Fig. 1: Paul Cézanne, Mont Sainte-Victoire and Large Pine, c. 1887.
What did Paul Cézanne (1839–1906) seek to realize in his paintings?
Cézanne was the first painter in the world to internalize the transformation of visual perception brought about by the advent of the steam railway in the nineteenth century and to translate it into pictorial form. This crucial fact has remained overlooked for more than a century.
Indeed, the period in which Cézanne grew up was an era marked by the rapid development of the railway in France.
In 1837, a passenger railway was introduced in France, and Cézanne was born two years later. The railway network expanded rapidly during the 1840s, and most of the main lines connecting Paris with France’s major cities were built under the Second French Empire (1852–1870).
In 1861, at the age of twenty-two, Cézanne took his first long-distance train journey—from his hometown of Aix-en-Provence to Paris. Thereafter, he continued to travel frequently by steam train between Aix and Paris well into his later years.

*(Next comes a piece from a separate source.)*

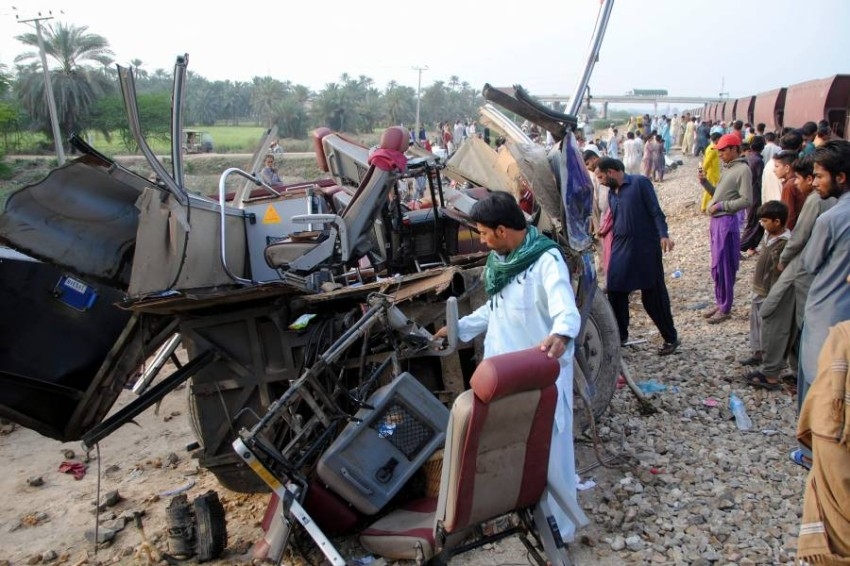 مقتل 19 شخصاً في اصطدام قطار بحافلة ركاب في باكستان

Although Cézanne is generally known as a painter devoted to nature, he was also a painter of modern life.
Fig. 2: Mont Sainte-Victoire and the railway bridge over the Arc Valley, seen from Montbriand.
(Photograph by the author, August 24, 2006.)
As long as movement depended on the horses’ strength and stamina, a horse-drawn carriage could average about 16 kilometers per hour. By contrast, steam locomotives in operation by 1845 could reach speeds of approximately 64 kilometers per hour—four times faster than a carriage.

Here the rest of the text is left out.